Task item> Retype each entry below, keeping every character the same.

Provided data>













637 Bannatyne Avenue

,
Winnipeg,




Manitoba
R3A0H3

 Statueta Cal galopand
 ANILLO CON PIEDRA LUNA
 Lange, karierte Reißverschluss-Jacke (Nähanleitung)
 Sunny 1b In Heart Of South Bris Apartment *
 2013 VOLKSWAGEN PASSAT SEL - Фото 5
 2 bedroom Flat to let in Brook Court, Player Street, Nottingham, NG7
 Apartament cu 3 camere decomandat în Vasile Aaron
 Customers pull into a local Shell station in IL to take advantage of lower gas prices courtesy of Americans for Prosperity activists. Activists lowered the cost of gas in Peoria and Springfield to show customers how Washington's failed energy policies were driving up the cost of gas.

Exercise result>
637 Bannatyne Avenue

,
Winnipeg,




Manitoba
R3A0H3

 Statueta Cal galopand
 ANILLO CON PIEDRA LUNA
 Lange, karierte Reißverschluss-Jacke (Nähanleitung)
 Sunny 1b In Heart Of South Bris Apartment *
 2013 VOLKSWAGEN PASSAT SEL - Фото 5
 2 bedroom Flat to let in Brook Court, Player Street, Nottingham, NG7
 Apartament cu 3 camere decomandat în Vasile Aaron
 Customers pull into a local Shell station in IL to take advantage of lower gas prices courtesy of Americans for Prosperity activists. Activists lowered the cost of gas in Peoria and Springfield to show customers how Washington's failed energy policies were driving up the cost of gas.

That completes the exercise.